A server 21 is connected to these websites by using data communication means 24 such as an Internet connection. The server 21 further comprises at least one processor 25 and storage means 26. At least one processor 25 is configured to perform the method disclosed above. Storage means 26 are configured to store the concepts, associated descriptions and other data related to the invention as desired. In FIG. 2 two client machines 22 and 23 are disclosed. They may be ordinary computers, mobile devices or other suitable client devices. It is common that the client devices use the functionality at the server. However, it is possible to implement the invention as a client software product or as an independent stand-alone software product.

In an embodiment of the invention the invention is implemented as computer software that is configured to execute the method and independent features described above when the computer software is executed in a computing device. The computer software may be embodied in a computer readable medium or distributed in a network such as the Internet.

It is obvious to a person skilled in the art that with the advancement of technology, the basic idea of the invention may be implemented in various ways.
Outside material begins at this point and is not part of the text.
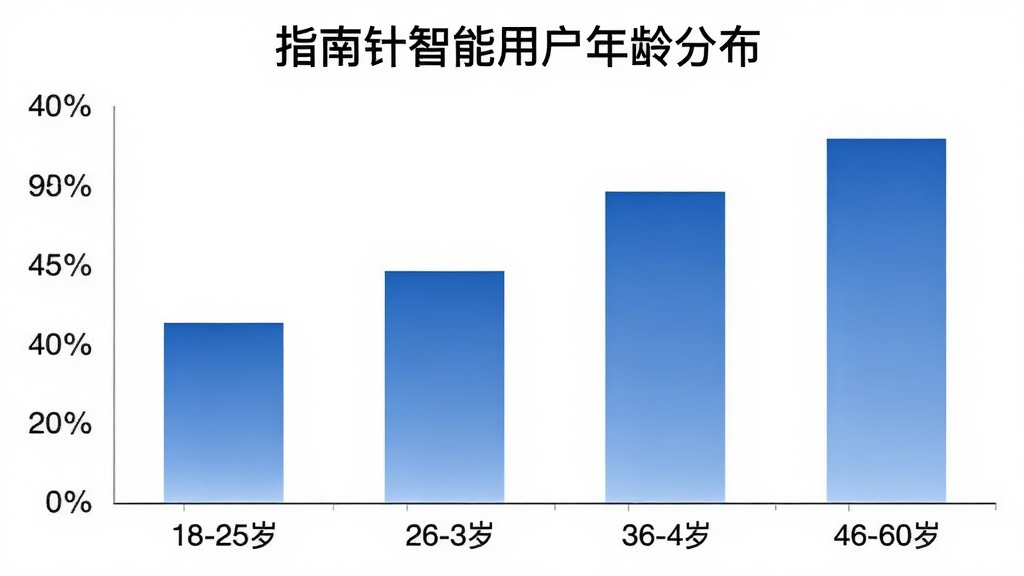 指南针智能用户年龄分布柱状图,横轴为年龄段18-25岁、26-35岁、36-45岁、46-60岁,纵轴为用户占比百分比,柱状颜色使用蓝色渐变,图表上方标注指南针智能用户年龄分布,背景白色,风格简洁商务,画质清晰,无多余元素。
The invention and its embodiments are thus not limited to the examples described above; instead they may vary within the scope of the claims.

Claims

1. A method for searching media items in a communication network having a plurality of media items which method comprises:

retrieving at least one media item from the communication network;

normalizing said retrieved media item, wherein normalizing said retrieved media item further comprises machine translation of said media item; and

classifying said retrieved media item over a set of concepts, wherein each concept is associated with at least one description.

2. The method according to claim 1, wherein the method further comprises:

receiving a conceptual description of the information need;

matching said classified media items with the received conceptual descriptions of the information need.

3. The method according to claim 2, wherein the received conceptual description of the information need comprises favored concepts and disfavored concepts.

4. A method according to claim 1, wherein said at least one description associated with a concept is in several different languages.

5. (canceled)

6. A method according to claim 2, wherein the method further comprises providing a subset of descriptions based on said matching.

7. A method according to claim 6, wherein the method further comprises visualization of said subset.

8. A method according to claim 7, wherein said visualization comprises scoring for similarity and providing a similarity matrix based on said scoring.

9. A method according to claim 8, wherein the method further comprises reducing the dimensionality of said matrix.

10. A method according to claim 6, wherein the method further comprises ranking said subset of descriptions in order of relevancy with regard to the information need.

11. A method according to claim 1, wherein the method further comprises storing said retrieved media items or descriptions relating to said retrieved media items.

12. A computer program wherein the computer program is configured to perform the method according to claim 1 when executed in a computing device.

13. A server for searching media items in a communication network having a plurality of media items, which system further comprises:

data communication means for receiving and transmitting data;

a processor for processing received data; and storage means for storing media items;

characterized in that the system is configured to perform the method according to claim 1.

14. (canceled)

15. A system for searching media items in a communication network having a plurality of media items, the system comprising:

data communication means for receiving and transmitting data;

a processor for processing received data; and

a storage means for storing media items;

wherein the system executes a computer program associated with a computer device, the computer program retrieving at least one media item from the communication network, normalizing the retrieved media item by machine translation, and classifying the retrieved media item over a set of concepts, wherein each concept is associated with at least one description.